Commuters pay the price as rogue matatus keep off roads


Commuters stranded at a bus stage on Ngong Road as public service vehicles kept off the roads on November 5, 2018. Police have started enforcing the dreaded 'Michuki rules' that require vehicles to have speed governors and safety belts, among other things. PHOTO | COLLINS OMULO | NATION MEDIA GROUP


  • Crackdown on rogue matatus was announced last month but was to be effected from November 12.

Scores of passengers were stranded in various parts of Nairobi County and its environs as many matatus kept off the roads fearing an ongoing police crackdown.

And for the few that were available, the fares have been hiked on some of the routes as traffic police officers enforced the much-dreaded 'Michuki rules' in a bid to curb rising road deaths.

Last month, Transport Cabinet Secretary James Macharia and his Interior counterpart Fred Matiang'i announced the return of the rules and gave matatu operators up to November 12, to comply.

The road traffic regulations were published in a Kenya Gazette notice in September 2003 by the then minister of Transport, the late John Michuki.

The highlights were that every public service vehicle (PSV) must be fitted with a speed governor that capped speed at 80 kilometres per hour, have seatbelts for all passengers, and have a defined passenger capacity to prevent overloading.

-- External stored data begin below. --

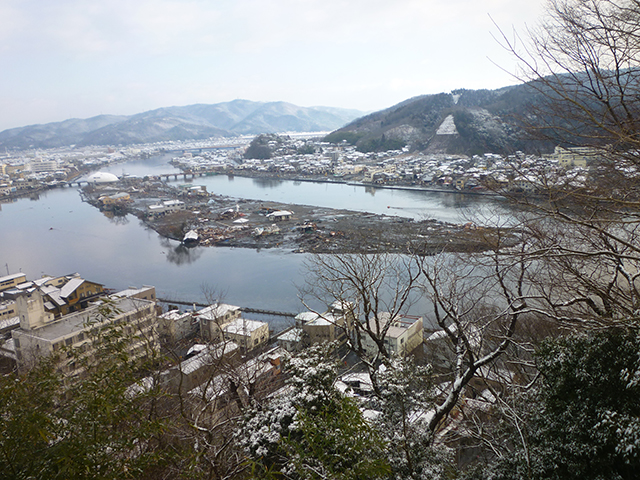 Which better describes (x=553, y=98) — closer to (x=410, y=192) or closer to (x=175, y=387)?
(x=175, y=387)

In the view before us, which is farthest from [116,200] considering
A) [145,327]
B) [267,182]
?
[145,327]

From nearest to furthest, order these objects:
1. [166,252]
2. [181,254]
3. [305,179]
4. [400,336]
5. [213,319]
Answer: [400,336], [213,319], [181,254], [166,252], [305,179]

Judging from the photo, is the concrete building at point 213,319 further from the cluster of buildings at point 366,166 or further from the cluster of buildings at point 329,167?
the cluster of buildings at point 329,167

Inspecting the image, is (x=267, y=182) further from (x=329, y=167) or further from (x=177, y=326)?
(x=177, y=326)

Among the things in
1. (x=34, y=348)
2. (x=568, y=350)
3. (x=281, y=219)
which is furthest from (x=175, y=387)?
(x=281, y=219)

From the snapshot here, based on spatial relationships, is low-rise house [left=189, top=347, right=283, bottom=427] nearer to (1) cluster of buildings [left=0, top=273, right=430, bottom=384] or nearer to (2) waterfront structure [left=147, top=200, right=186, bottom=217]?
(1) cluster of buildings [left=0, top=273, right=430, bottom=384]

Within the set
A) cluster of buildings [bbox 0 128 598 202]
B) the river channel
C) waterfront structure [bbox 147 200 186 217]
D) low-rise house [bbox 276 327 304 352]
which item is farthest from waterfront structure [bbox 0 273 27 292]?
cluster of buildings [bbox 0 128 598 202] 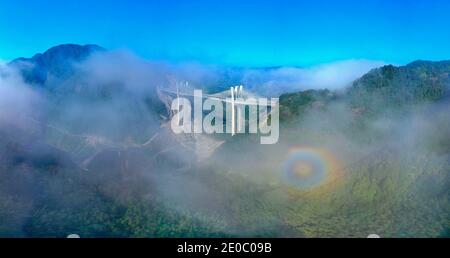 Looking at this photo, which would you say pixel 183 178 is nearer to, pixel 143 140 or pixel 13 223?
pixel 143 140

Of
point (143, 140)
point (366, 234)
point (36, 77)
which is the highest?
point (36, 77)

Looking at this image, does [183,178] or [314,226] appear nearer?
[314,226]

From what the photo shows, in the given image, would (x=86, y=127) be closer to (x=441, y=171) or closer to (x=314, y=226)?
(x=314, y=226)

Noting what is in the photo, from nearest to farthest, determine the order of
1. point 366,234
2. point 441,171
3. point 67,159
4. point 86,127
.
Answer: point 366,234, point 441,171, point 67,159, point 86,127

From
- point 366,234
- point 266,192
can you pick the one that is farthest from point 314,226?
point 266,192

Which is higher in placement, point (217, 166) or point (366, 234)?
point (217, 166)

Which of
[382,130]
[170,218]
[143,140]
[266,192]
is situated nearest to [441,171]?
[382,130] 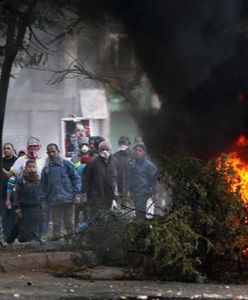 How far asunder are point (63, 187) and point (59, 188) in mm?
72

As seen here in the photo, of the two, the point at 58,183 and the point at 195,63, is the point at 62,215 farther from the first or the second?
the point at 195,63

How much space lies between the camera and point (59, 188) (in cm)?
988

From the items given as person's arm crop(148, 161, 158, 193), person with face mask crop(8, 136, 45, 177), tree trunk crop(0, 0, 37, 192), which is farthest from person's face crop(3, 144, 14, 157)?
person's arm crop(148, 161, 158, 193)

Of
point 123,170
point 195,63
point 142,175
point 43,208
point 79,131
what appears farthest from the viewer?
point 79,131

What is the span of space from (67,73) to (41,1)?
1699 millimetres

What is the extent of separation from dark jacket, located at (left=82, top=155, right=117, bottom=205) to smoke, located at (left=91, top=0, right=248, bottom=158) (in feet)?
5.22

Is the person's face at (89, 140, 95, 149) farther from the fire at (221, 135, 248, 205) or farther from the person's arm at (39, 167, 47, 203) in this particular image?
the fire at (221, 135, 248, 205)

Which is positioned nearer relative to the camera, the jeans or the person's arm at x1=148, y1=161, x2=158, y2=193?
the jeans

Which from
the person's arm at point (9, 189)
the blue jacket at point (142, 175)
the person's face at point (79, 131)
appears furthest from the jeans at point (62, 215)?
the person's face at point (79, 131)

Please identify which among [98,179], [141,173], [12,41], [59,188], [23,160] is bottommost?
[59,188]

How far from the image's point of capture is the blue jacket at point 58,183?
9867mm

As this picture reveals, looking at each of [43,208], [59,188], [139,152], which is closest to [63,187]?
[59,188]

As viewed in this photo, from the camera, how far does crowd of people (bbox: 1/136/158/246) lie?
31.6ft

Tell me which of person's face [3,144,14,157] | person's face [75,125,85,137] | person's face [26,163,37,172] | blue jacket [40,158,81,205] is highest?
person's face [75,125,85,137] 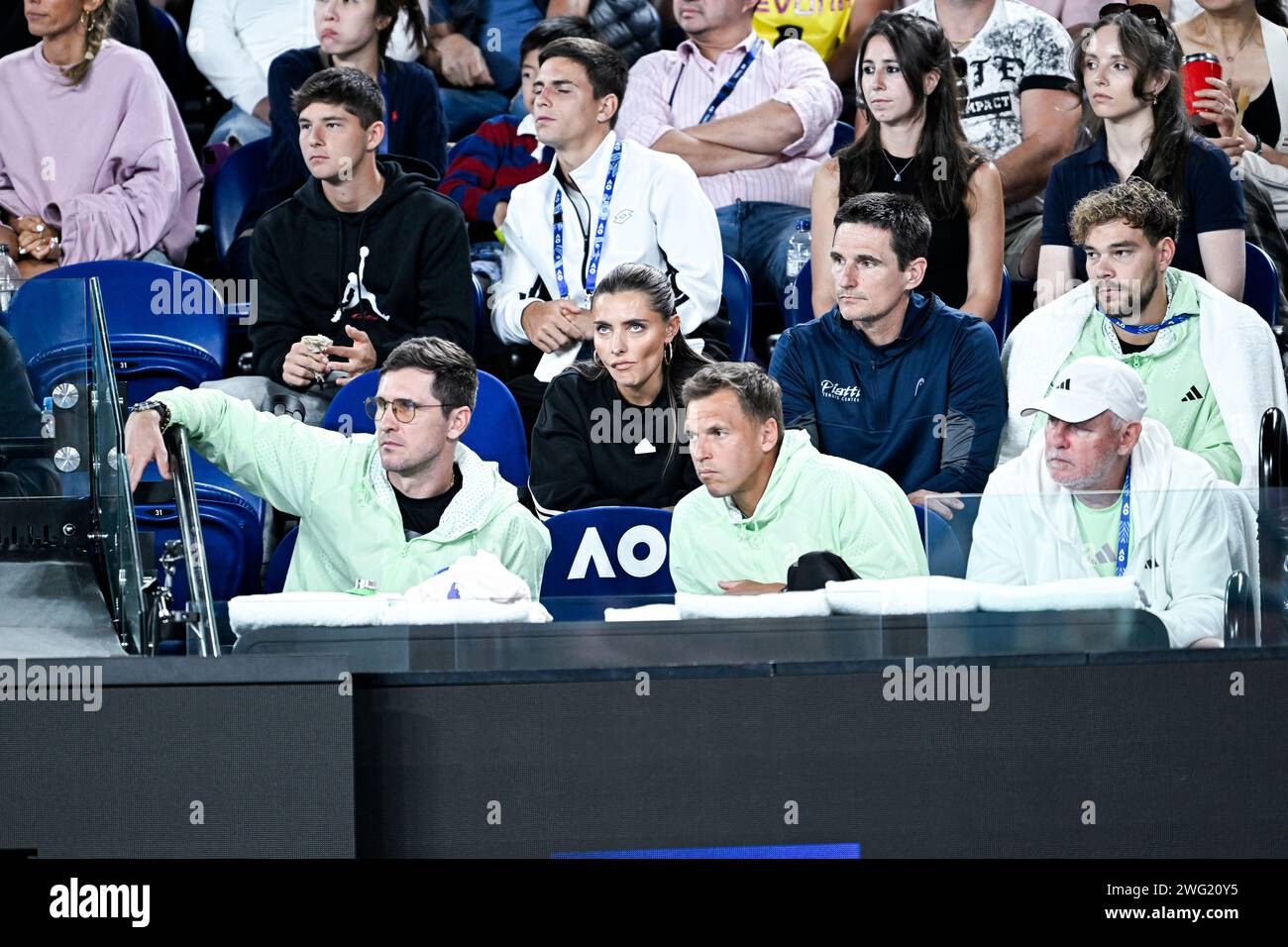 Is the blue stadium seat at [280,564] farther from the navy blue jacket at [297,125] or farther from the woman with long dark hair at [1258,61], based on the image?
the woman with long dark hair at [1258,61]

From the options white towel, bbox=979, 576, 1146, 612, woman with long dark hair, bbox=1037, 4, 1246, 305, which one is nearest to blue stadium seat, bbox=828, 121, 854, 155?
woman with long dark hair, bbox=1037, 4, 1246, 305

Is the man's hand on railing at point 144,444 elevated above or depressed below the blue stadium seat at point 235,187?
below

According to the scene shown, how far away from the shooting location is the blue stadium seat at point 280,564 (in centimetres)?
452

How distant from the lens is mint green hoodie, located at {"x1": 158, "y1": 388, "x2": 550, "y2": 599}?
4031 millimetres

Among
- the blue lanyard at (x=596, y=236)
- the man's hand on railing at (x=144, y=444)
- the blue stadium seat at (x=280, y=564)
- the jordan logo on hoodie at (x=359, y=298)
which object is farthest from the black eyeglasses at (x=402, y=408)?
the blue lanyard at (x=596, y=236)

They also required drivers to display their photo prominently in the matatu to curb “squad” driving, and made it mandatory for PSVs to have a yellow strip on its body.

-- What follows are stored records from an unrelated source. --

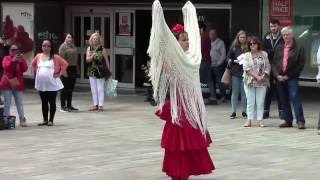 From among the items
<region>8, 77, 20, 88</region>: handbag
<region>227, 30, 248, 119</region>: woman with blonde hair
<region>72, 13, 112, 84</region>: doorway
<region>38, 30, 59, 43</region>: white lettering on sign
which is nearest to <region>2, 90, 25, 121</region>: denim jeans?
<region>8, 77, 20, 88</region>: handbag

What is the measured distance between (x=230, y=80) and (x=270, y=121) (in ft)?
4.72

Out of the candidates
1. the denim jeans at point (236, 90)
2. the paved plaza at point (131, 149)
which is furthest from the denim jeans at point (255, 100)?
the denim jeans at point (236, 90)

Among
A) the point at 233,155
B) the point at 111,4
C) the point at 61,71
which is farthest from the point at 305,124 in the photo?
the point at 111,4

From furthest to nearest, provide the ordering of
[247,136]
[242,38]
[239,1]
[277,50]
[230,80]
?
[239,1] → [230,80] → [242,38] → [277,50] → [247,136]

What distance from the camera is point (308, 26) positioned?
17.1 meters

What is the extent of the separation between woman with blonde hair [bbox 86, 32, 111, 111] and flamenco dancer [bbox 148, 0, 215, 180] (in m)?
7.60

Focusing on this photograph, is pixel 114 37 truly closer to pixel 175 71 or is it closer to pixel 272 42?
pixel 272 42

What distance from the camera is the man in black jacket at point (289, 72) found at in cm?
1184

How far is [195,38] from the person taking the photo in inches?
302

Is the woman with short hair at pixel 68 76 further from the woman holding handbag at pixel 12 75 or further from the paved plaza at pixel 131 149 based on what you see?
the woman holding handbag at pixel 12 75

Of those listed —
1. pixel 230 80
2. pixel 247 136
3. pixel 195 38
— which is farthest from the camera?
pixel 230 80

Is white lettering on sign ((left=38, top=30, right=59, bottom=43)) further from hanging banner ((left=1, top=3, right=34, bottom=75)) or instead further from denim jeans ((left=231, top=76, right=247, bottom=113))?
denim jeans ((left=231, top=76, right=247, bottom=113))

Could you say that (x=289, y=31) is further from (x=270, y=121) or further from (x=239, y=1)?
(x=239, y=1)

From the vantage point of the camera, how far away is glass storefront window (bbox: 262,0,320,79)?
667 inches
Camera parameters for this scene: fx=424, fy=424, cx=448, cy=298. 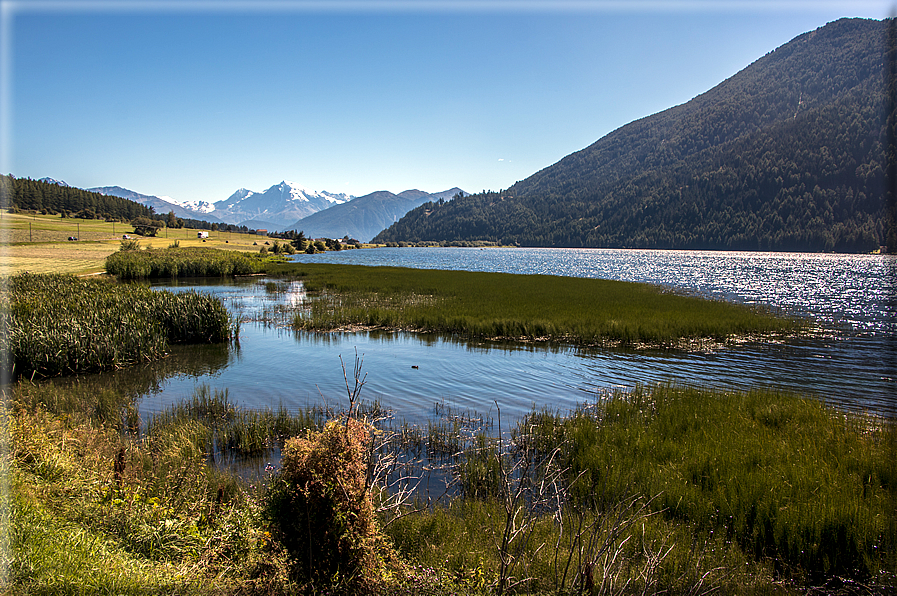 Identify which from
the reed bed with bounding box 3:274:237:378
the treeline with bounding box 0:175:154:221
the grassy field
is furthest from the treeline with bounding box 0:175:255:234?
the reed bed with bounding box 3:274:237:378

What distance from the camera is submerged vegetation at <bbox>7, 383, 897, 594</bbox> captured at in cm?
407

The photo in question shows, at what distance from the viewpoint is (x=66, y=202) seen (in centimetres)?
14775

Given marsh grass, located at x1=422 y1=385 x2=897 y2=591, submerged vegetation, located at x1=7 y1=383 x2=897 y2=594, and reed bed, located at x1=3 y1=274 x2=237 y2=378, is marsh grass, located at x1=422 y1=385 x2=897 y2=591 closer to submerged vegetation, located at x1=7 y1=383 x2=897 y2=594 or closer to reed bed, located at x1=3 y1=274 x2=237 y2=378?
submerged vegetation, located at x1=7 y1=383 x2=897 y2=594

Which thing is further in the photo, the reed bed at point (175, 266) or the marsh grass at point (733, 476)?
the reed bed at point (175, 266)

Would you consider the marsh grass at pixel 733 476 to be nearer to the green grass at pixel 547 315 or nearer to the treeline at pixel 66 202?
the green grass at pixel 547 315

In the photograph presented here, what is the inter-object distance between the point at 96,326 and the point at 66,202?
594 ft

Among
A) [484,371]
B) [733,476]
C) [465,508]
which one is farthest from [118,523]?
[484,371]

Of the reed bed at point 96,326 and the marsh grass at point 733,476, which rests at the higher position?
the reed bed at point 96,326

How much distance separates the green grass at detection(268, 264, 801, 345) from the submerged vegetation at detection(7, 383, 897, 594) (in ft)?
40.1

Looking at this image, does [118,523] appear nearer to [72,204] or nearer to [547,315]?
[547,315]

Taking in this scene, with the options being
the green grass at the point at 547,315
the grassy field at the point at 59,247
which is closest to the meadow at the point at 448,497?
the green grass at the point at 547,315

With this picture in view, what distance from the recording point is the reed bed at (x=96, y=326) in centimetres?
1471

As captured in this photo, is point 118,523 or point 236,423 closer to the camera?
point 118,523

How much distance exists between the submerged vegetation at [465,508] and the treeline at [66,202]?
163m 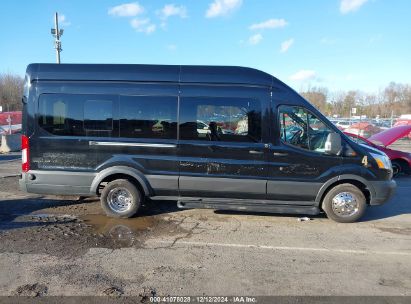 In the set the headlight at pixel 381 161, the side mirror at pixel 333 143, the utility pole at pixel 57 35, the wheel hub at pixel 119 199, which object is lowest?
A: the wheel hub at pixel 119 199

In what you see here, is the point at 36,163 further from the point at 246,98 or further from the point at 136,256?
the point at 246,98

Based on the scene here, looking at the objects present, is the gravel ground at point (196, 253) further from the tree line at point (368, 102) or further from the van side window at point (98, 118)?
the tree line at point (368, 102)

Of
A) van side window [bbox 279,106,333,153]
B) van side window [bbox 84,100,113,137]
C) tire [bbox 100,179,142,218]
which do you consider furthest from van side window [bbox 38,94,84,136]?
van side window [bbox 279,106,333,153]

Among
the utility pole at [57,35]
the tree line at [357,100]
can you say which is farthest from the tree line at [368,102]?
the utility pole at [57,35]

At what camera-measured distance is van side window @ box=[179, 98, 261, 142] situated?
6160 mm

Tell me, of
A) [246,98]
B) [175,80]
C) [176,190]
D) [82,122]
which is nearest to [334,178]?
[246,98]

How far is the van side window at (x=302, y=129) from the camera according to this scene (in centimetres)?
618

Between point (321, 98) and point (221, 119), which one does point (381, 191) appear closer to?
point (221, 119)

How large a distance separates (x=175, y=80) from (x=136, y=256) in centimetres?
306

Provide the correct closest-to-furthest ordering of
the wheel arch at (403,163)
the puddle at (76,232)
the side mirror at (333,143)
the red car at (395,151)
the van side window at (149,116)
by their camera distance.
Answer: the puddle at (76,232)
the side mirror at (333,143)
the van side window at (149,116)
the red car at (395,151)
the wheel arch at (403,163)

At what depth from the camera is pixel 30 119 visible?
20.9 feet

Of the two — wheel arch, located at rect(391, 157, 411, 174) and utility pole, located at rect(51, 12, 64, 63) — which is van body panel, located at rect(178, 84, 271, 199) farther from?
utility pole, located at rect(51, 12, 64, 63)

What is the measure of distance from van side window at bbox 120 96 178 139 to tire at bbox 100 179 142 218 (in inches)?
37.7

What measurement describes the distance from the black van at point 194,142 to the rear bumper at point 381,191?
0.06 ft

Traffic updates by Ma3Route, a mobile, web and SMS traffic information platform, said there are few matatus on Outer Ring Road and fare had been increased. 

"The situation is bad people are stranded [because of] Michuki [rules]....[Vehicles dropping off passengers at Cabanas],” read another tweet on the situation on Mombasa Road.

'Walking nation'

“It’s a walking nation on Waiyaki Way. Many passengers stranded on the various stages. Others decided to walk [to work],” read another tweet. 

It was the same situation on Ngong Road as commuters were stranded over shortage of matatus. The vehicles that were available had doubled fares.

The fares are normally between Sh70 and Sh100, depending on the time, but they were charging between Sh150 and Sh200 as traffic police officers started the crackdown on vehicles not complying with rules. 

Some private vehicles took advantage of the situation and ferried passengers to town.

In Kasarani, only one operator — Mwiki Sacco Limited — was operating in the early morning and the vehicles were charging between Sh150 and Sh200 to the Nairobi city centre.

The matatus were also not entering the city centre, instead dropping off passengers at Ngara.

There was heavy traffic on Thika Road as people opted to use their private vehicles.